How to find the function $f$ given $f(f(x)) = xf(x)$? I was wondering if there is a continuous function such that $f(f(x)) = xf(x)$ for every positive number $x$.
 A: Sure. $$  f(x) = x^{\frac{1 + \sqrt 5}{2}}  $$
A: This is not yet a full answer for the proof, but possibly it is a good step to one. I also think that the problem is not more than a standard exercise in some textbook, but since there is not yet a more qualified answer here, I'll do some naive try so far... 
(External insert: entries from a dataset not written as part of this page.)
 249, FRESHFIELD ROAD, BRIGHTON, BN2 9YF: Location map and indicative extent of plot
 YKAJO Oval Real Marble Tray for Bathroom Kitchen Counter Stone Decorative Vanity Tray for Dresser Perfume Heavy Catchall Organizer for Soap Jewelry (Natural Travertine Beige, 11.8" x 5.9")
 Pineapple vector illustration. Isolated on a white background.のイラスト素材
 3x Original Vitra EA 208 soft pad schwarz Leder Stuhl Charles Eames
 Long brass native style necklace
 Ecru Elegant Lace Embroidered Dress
To save notation, let#s write the h'th iterate  $\underset{h \text{ times }}{\underbrace {f(...f(f(x)))}}$ as $x_h$ and its p'th power as $x_h^p$ where we understand, that the superscript gets evalauted after the subscript.     
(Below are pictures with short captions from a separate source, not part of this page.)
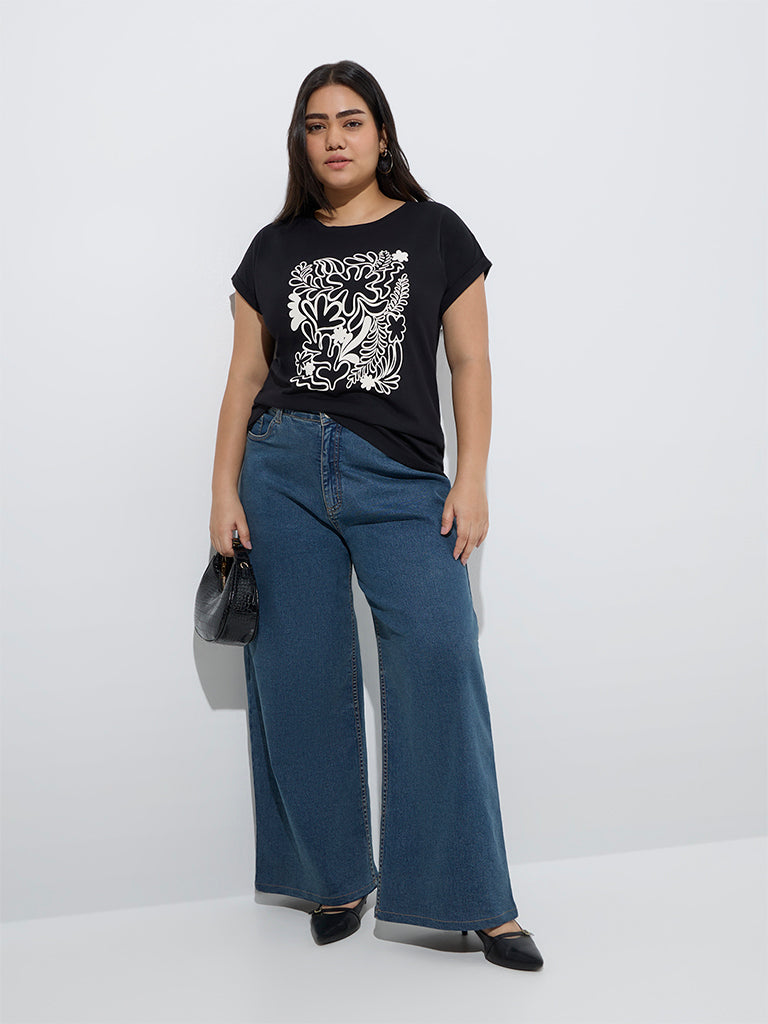 Westside Gia Women's Black Printed Cotton T-Shirt for Casual Wear Full Model View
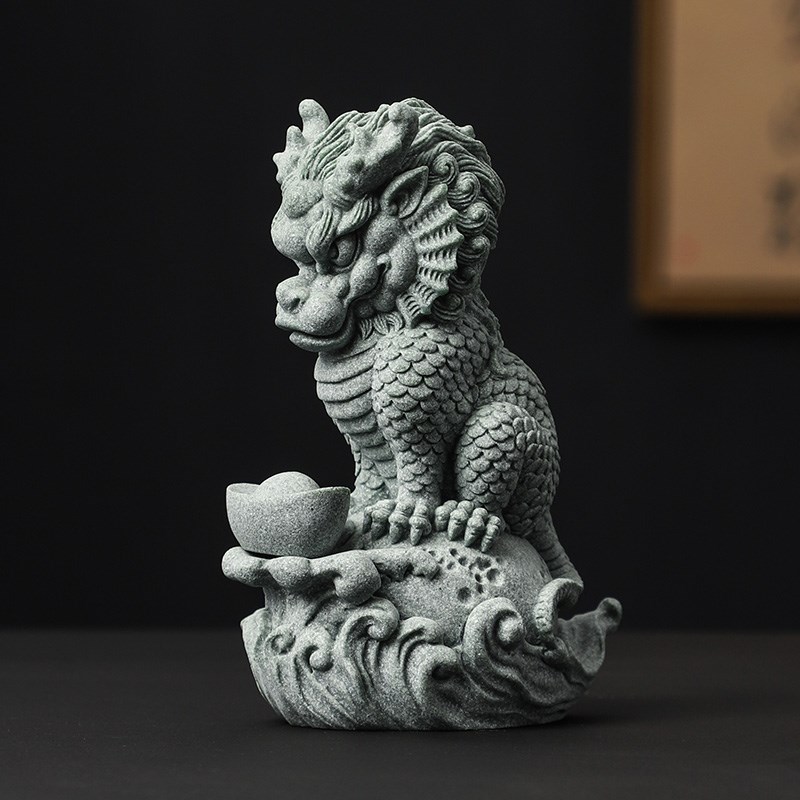 国风青砂石神兽动物茶宠小物件创意鱼缸造景装饰品摆件工艺品礼物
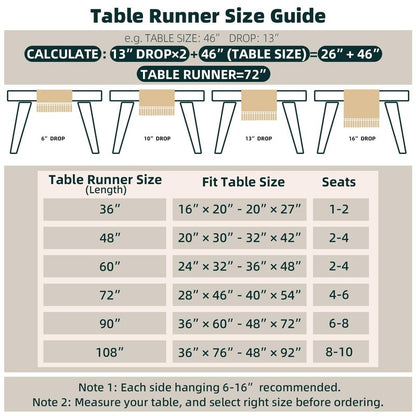FEXIA Boho Table Runner for Thanksgiving Home Decor 48 Inches Long Farmhouse Rustic Table Runner Cream & Brown Macrame(Without Tassel) for Dining Bedroom Decor Rustic Bridal Shower (12x48 Inches)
Then we can state the sequence:
$$ x = x_{-2} \cdot x_{-1}  \\
 x = x_{-4} \cdot x_{-3}^2 \cdot x_{-2} \\
 x = x_{-6} \cdot x_{-5}^3 \cdot x_{-4}^3 \cdot x_{-3} \\
 x = x_{-8} \cdot x_{-7}^4 \cdot x_{-6}^6 \cdot x_{-5}^4\cdot x_{-4} \\
 \cdots
$$
We observe, that the exponents are the binomial coefficients if powers of 2 $(=(1+1))$ are expanded. Now the idea is, to hope, that we can introduce a limit and that we can assume, that in the limit the difference between the iterates become insignificant below some epsilon, such that we can write
$$ x = \lim (x_{-2h})^{2^h} $$
If we assume, that $x_{-2h}<x_{-h}$ then we can even write
$$  (x_{-2h})^{2^h}< x < (x_{-h})^{2^h}  $$ or
$$  (x_{-2h+1})^{2^h}< f(x) < (x_{-h+1})^{2^h}  $$ 
and then
$$  (x_{-\infty} + \epsilon_1)^{2^h}< f(x) < (x_{-\infty} + \epsilon_2)^{2^h}  $$ and then from a vanishing difference $\epsilon_1 - \epsilon_2 $ deduce, that the h'th iterate of f is necessarily of the form of the h'th iterate of a power $ax^b$ with some fixed a and b . Here I'm stuck because I've not much experience with the formal handling of such limts, but perhaps this is an intuitive path where one can proceed further...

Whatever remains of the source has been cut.